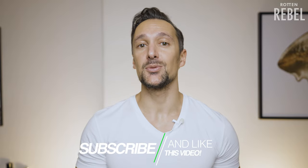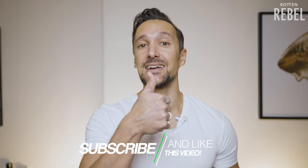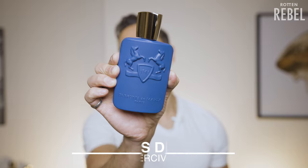Hi, welcome to Rotten Rebel. If you're brand new to my channel, make sure to hit that subscribe and that notification bell, and please do drop a like on this video. In this video, I am going to take a closer look at Parfums de Marly Percival.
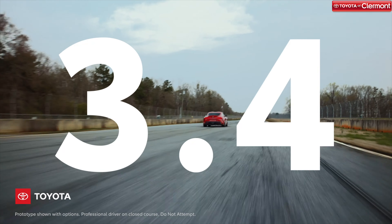This trim level has an MSRP of $55,250. The 2020 Toyota GR Supra is currently racing to dealerships, and they're going fast. Check out Toyota of Claremont's inventory page online, or give us a call at 352-404-7000 for more information.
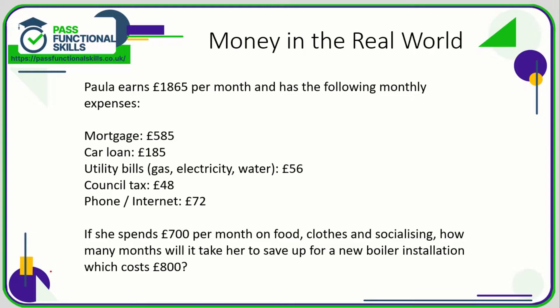Let's take a look at money in the real world. Since we all deal with money, a lot of these questions should be fairly logical, so do apply common sense — don't assume they're difficult just because it's maths.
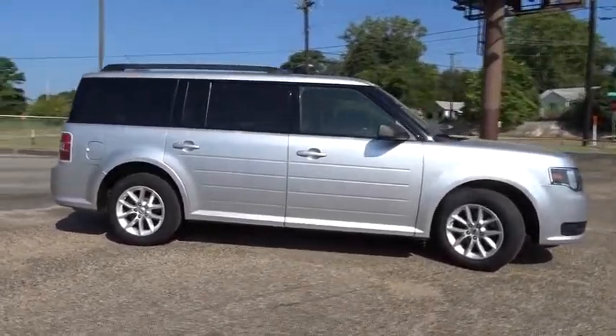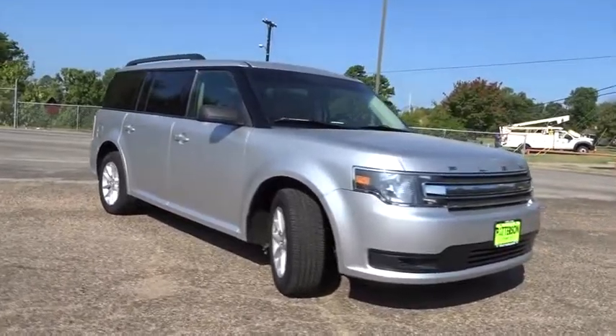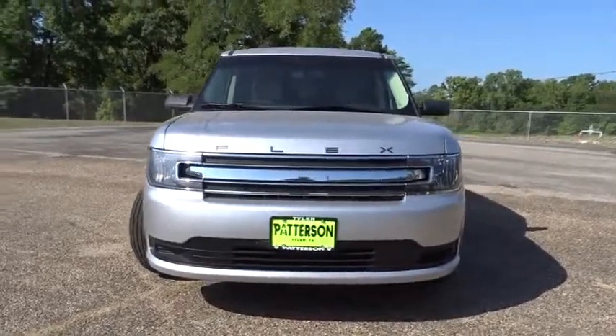Four-wheel disc brakes, rear defrost, AM-FM stereo radio, front-wheel drive, power door locks, bucket seats. This isn't just a vehicle, it's an experience, so stop in for a test drive today.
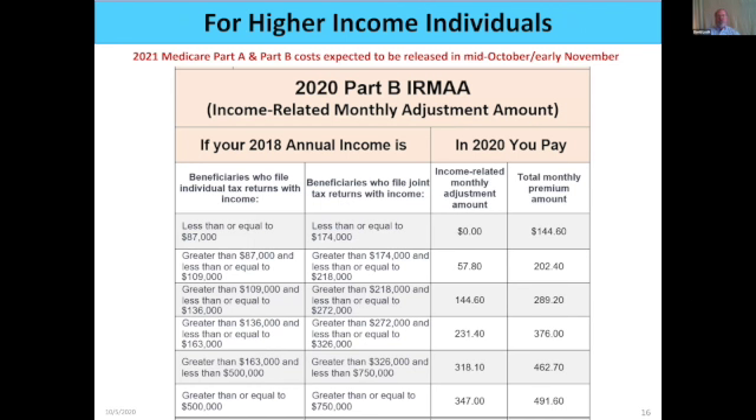Part of the Affordable Care Act created the Income Related Monthly Adjustment Amount, or IRMAA. Basically, if you make more, you pay a higher Part B monthly premium. For an individual, if you make less than $87,000 you pay the normal $144.60 Part B premium. But if you make over that, you pay more — an extra $57.80 if you make less than $109,000 — and it progressively goes up from there.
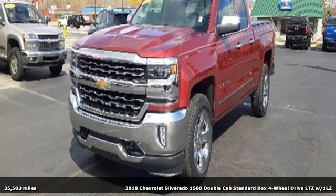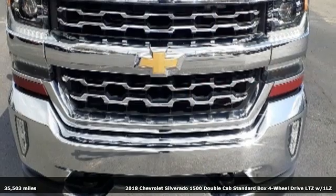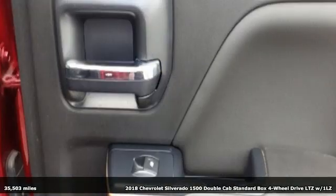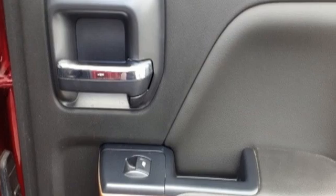Here's a 2018 Chevrolet Silverado 1500. Built to keep up with the rugged demands of your life, the Silverado 1500 is strong, safe and comfortable.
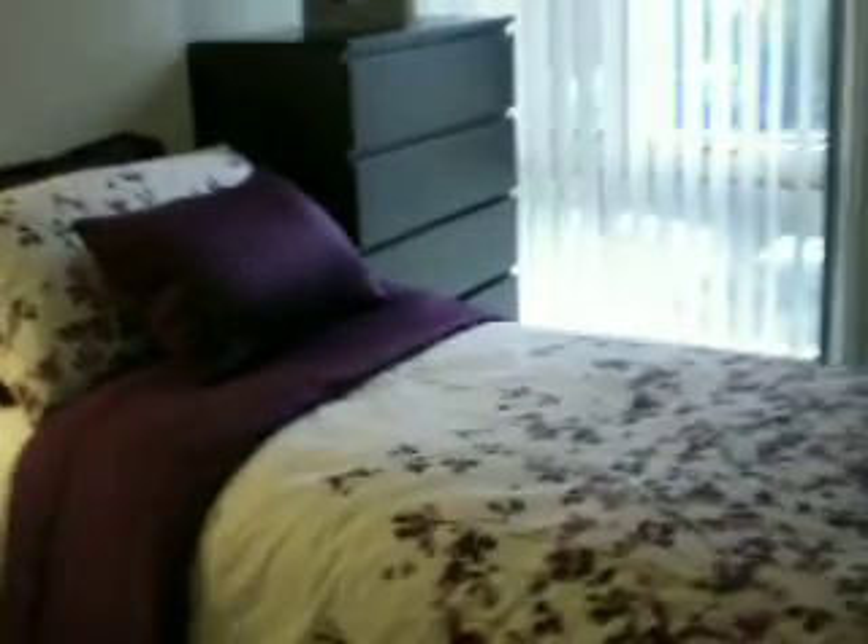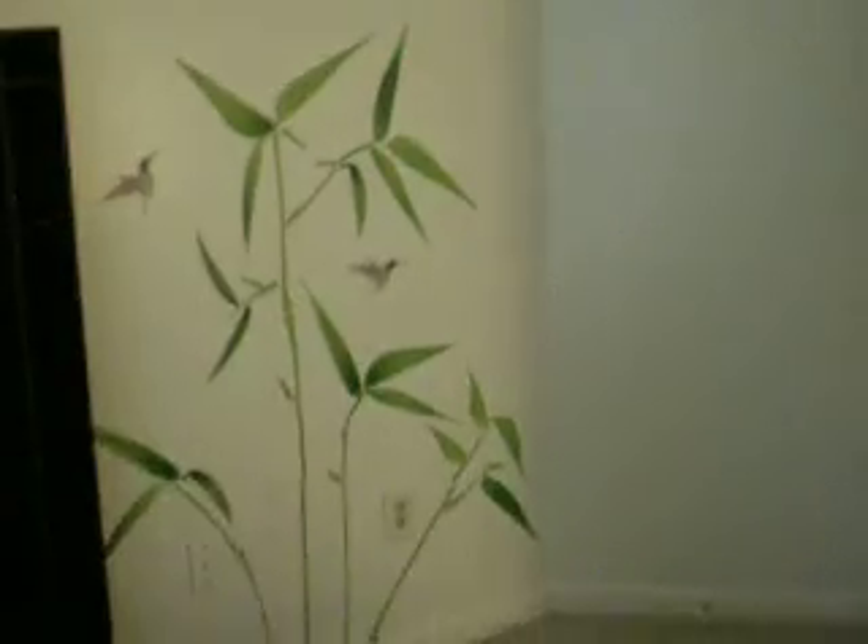And then right down the hall, we have my room, which we just gorgeously decorated. And might I add that 90% of this furniture was put together by myself. We have the nice little wall mural, which Mom and I had a lot of fun putting up. And there's my closet, which we'll be cleaning out shortly.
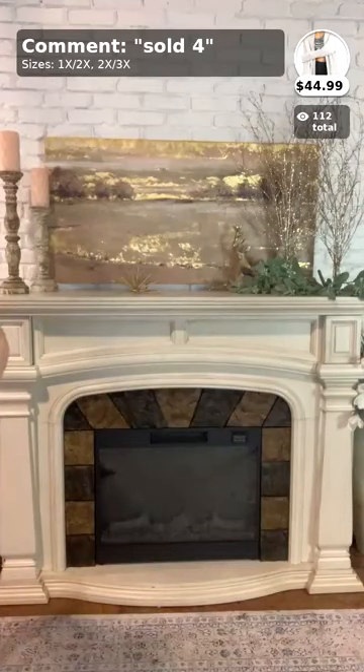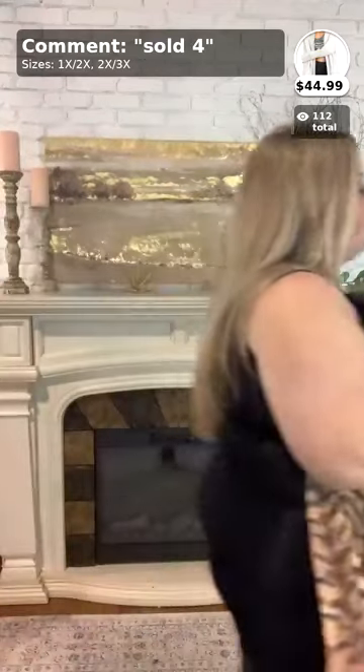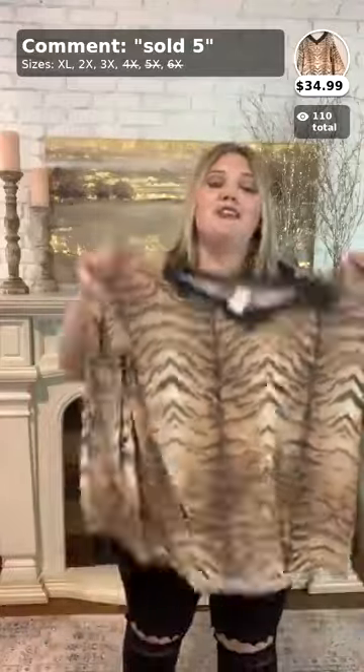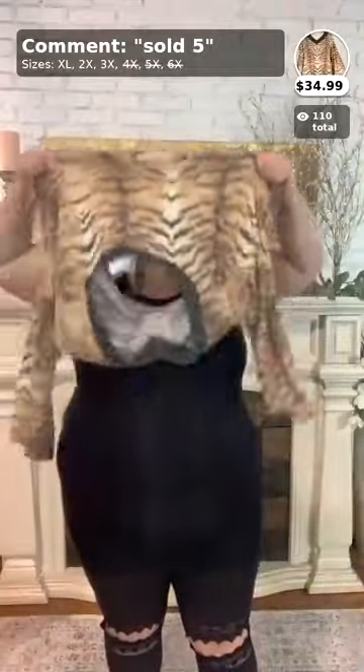That was number four — if you like that one, comment below 'sold four' in your size. Moving on to number five, which is so cute. Terry and I figured this out yesterday — if you are short-armed like Terry and I, this is going to be your best friend. It's a bell-sleeved tiger top, great as a fall top. The bell sleeves are not too long — they actually fit really well, even with the little leg hole pants.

- Work to complete: Set down again, exactly, the lines of the material above from its first line to the one with "Four-wheel disc brakes, rear", inclusive. Leave the pictures out.

- Response:
Hi, welcome to Rotten Rebel. If you're brand new to my channel, make sure to hit that subscribe and that notification bell, and please do drop a like on this video. In this video, I am going to take a closer look at Parfums de Marly Percival.
This trim level has an MSRP of $55,250. The 2020 Toyota GR Supra is currently racing to dealerships, and they're going fast. Check out Toyota of Claremont's inventory page online, or give us a call at 352-404-7000 for more information.
Let's take a look at money in the real world. Since we all deal with money, a lot of these questions should be fairly logical, so do apply common sense — don't assume they're difficult just because it's maths.
Four-wheel disc brakes, rear defrost, AM-FM stereo radio, front-wheel drive, power door locks, bucket seats. This isn't just a vehicle, it's an experience, so stop in for a test drive today.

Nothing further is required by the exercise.